The best way I’ve heard this worded is as such:
Software development isn’t just a process of creating software; it’s also a process of learning how to create the software that is best suited for its purpose.
Another way to look at it:
Programming is more than just writing code. Each step requires the developer to analyze some portion of the problem and design some aspect of the solution.
Software development is a process of research, so at no point can absolutely definitive plans be drawn up.
Come to think of it… The same applies to test plans in the testing arena. This is why I focus more on the test strategy than on the test plan.
The more definitive you try to make the plans, the more flawed they’ll be, and the more labor there will be in revising them to meet changing circumstances. As the shape of the software becomes increasingly clear over the course of a project, the design of that software must be revised again and again. To completely redesign the solution each time around would be onerous and wasteful, so we should think rather of a process of ongoing design.
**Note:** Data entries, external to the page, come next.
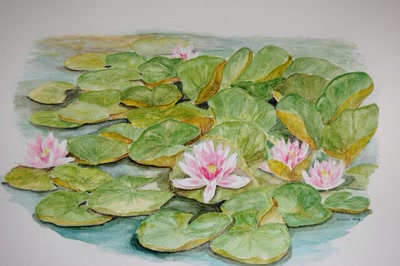 Résultat de recherche: nénuphars en vendée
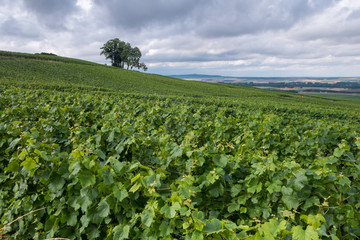 Fototapeta na wymiar The vineyards of Champagne in France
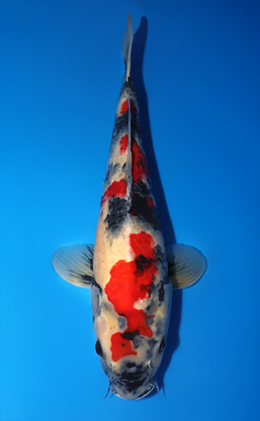 Showa - koi #x0813s004-re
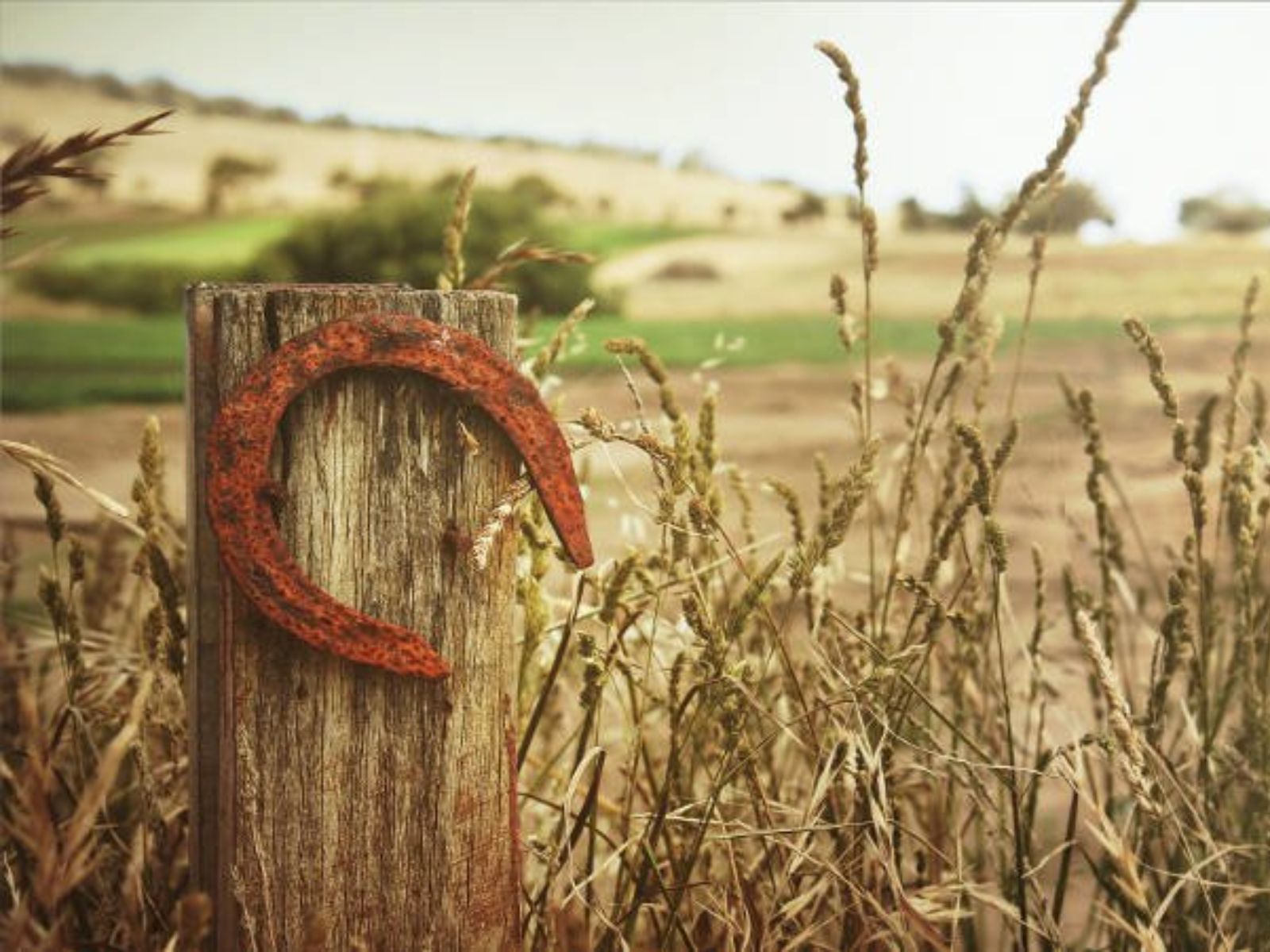 Αστρολογικές προβλέψεις Κώστας Λεφάκης 2025: Τι θα φέρει το β’ μισό του Ιουνίου σε όλα τα ζώδια; Οι τυχεροί και οι άτυχοι του ζωδιακού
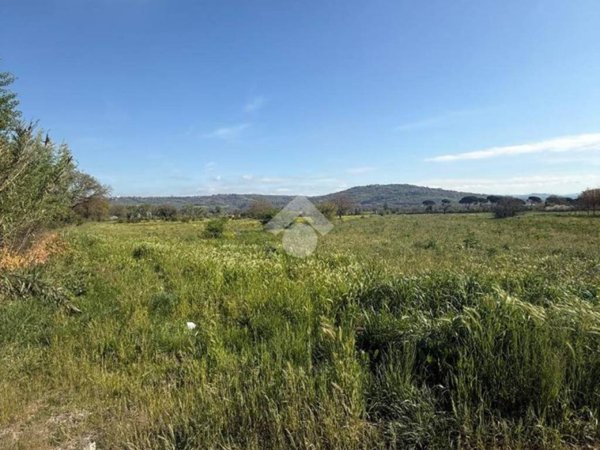 terreno agricolo in vendita ad Orte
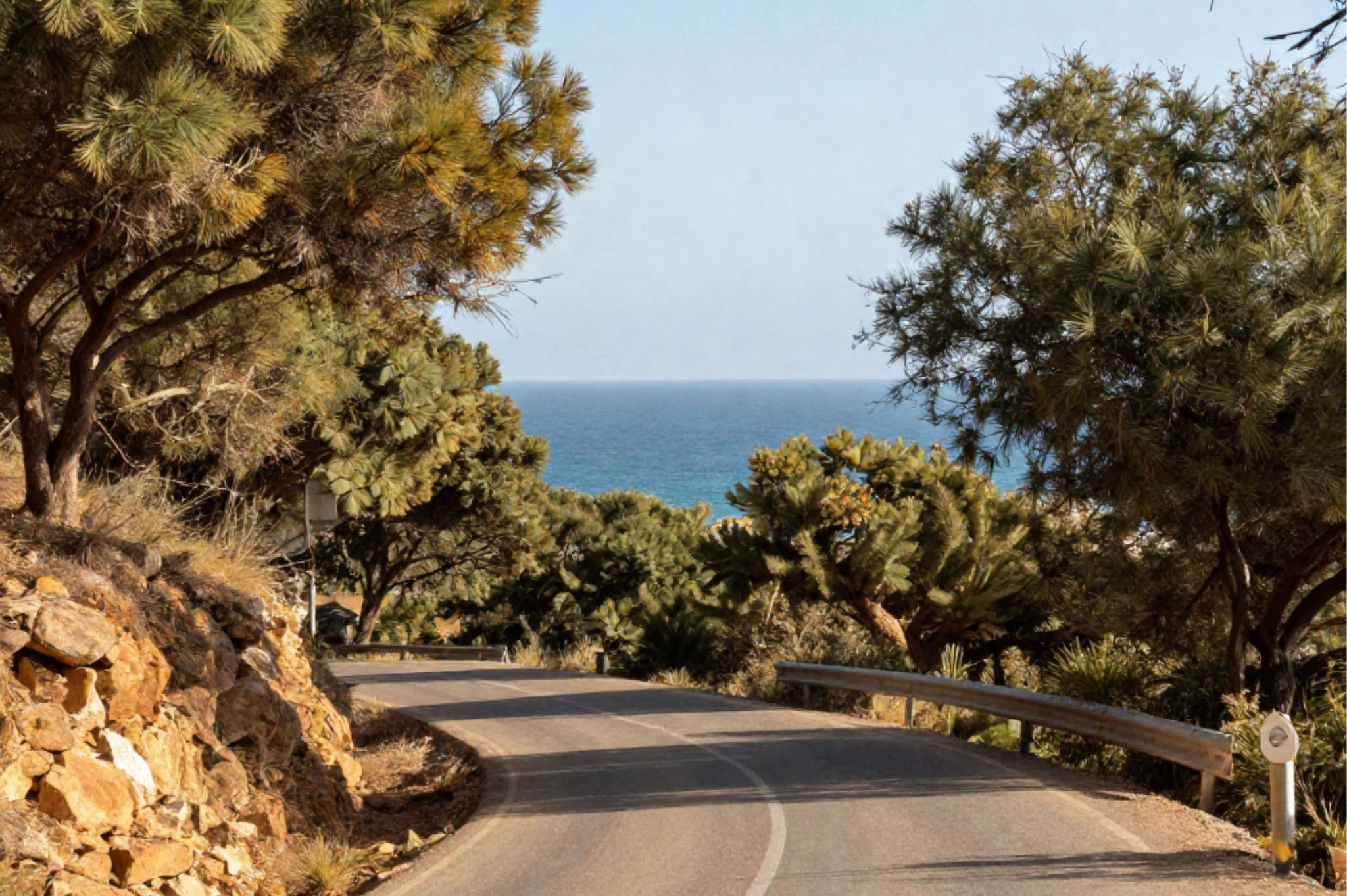 Scenic drive through argan forest to Essaouira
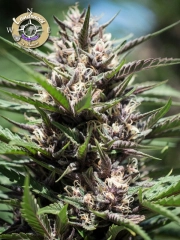 Landrace Collection Purple Thai Feminized Seeds Anesia Seeds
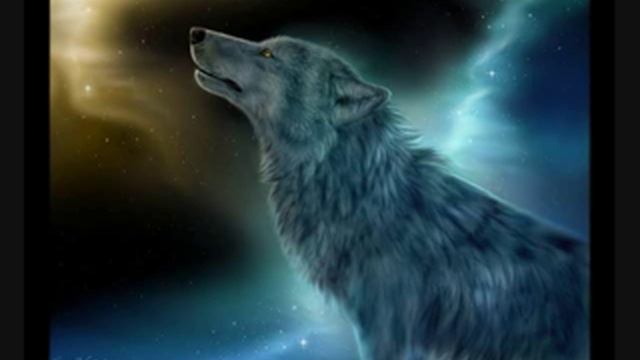 Lone Wolf 🐺(Nino Rota - Romeo And Juliet )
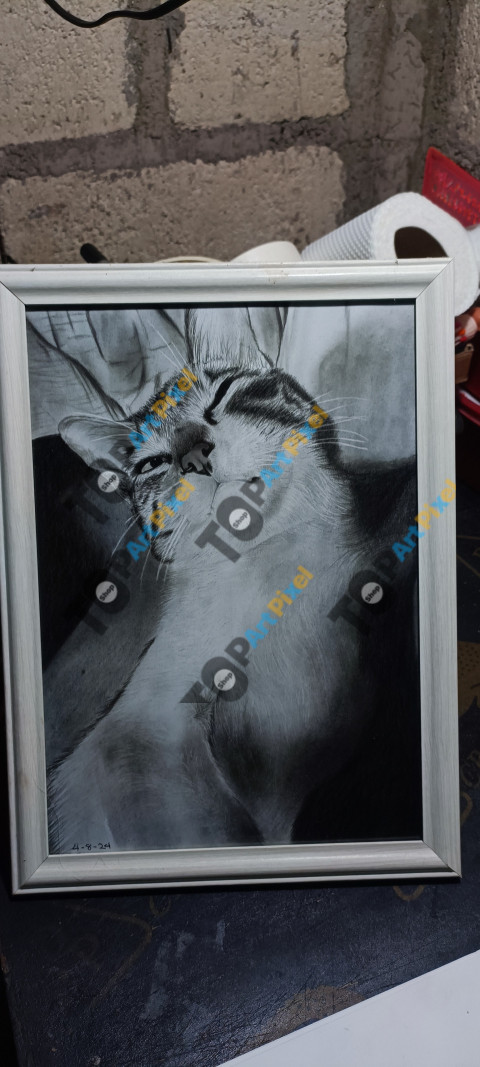 IMG 20250627 174149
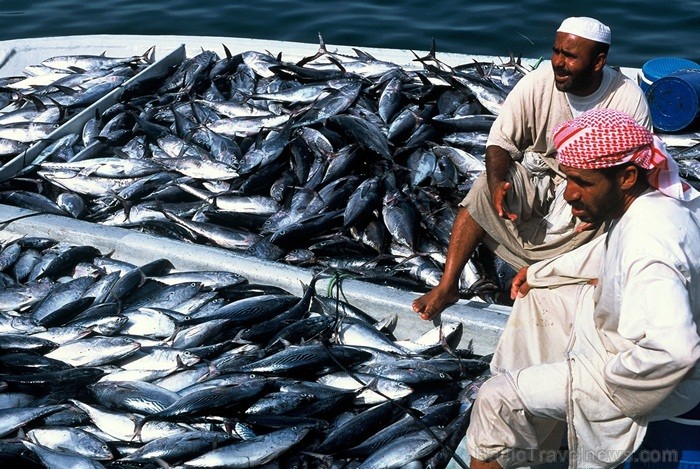 Omānas Sultanāts tiek dēvēts par vienu no tradicionālākajām un skaistākajām arābu zemēm. Foto: Oman Ministry of Tourism Omānas Sultanāts tiek dēvēts par vienu no tradicionālākajām un skaistākajām arābu zemēm. Foto: Oman Ministry of Tourism 86817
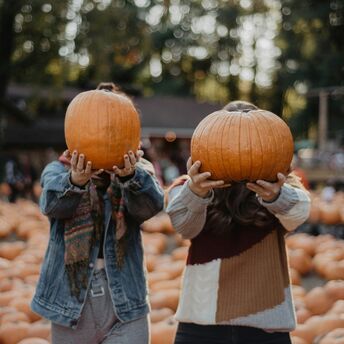 Visitors holding pumpkins at a pumpkin patch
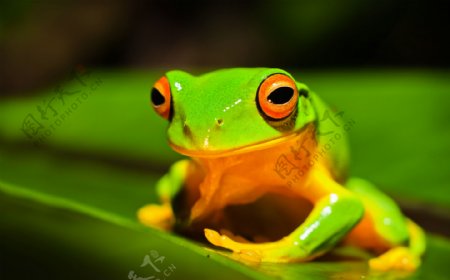 热带雨林青蛙图片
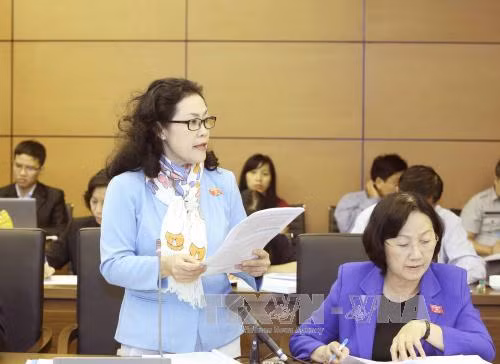 Quốc hội thảo luận tổ hai dự án Luật ảnh 1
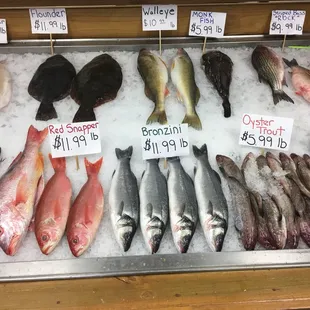 Fresh fish, never frozen!!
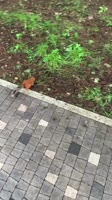 IMG1.MOV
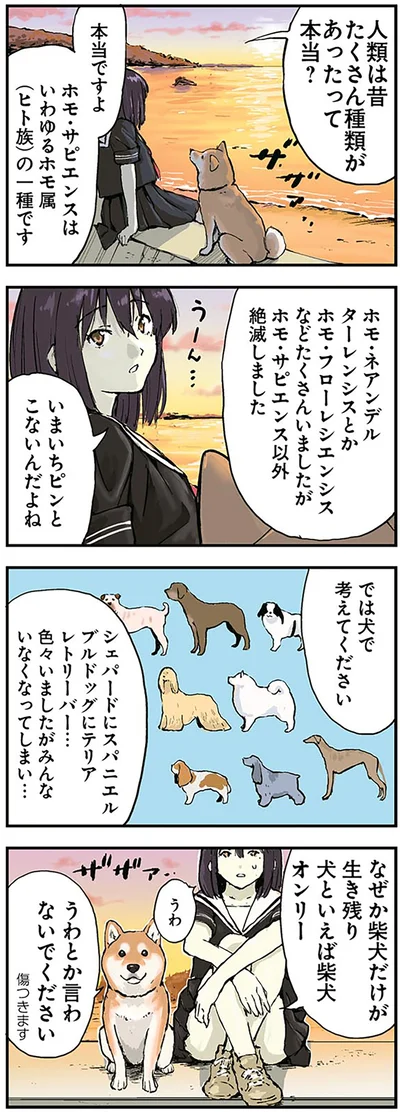 では犬で考えてください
The question is: does this help us avoid building in those patterns of instability? As it turns out: nope! Software is more fragile than ever in some cases. The major difference is we tend to find out about it quicker and can maybe even react a bit quicker to mitigate problems. On the other hand, you could argue modern software practices simply allow us to make more mistakes even faster. Given the continuing studies into software development, I think the ideas of how software is developed and the ideas presented in the book Ubiquity do intersect.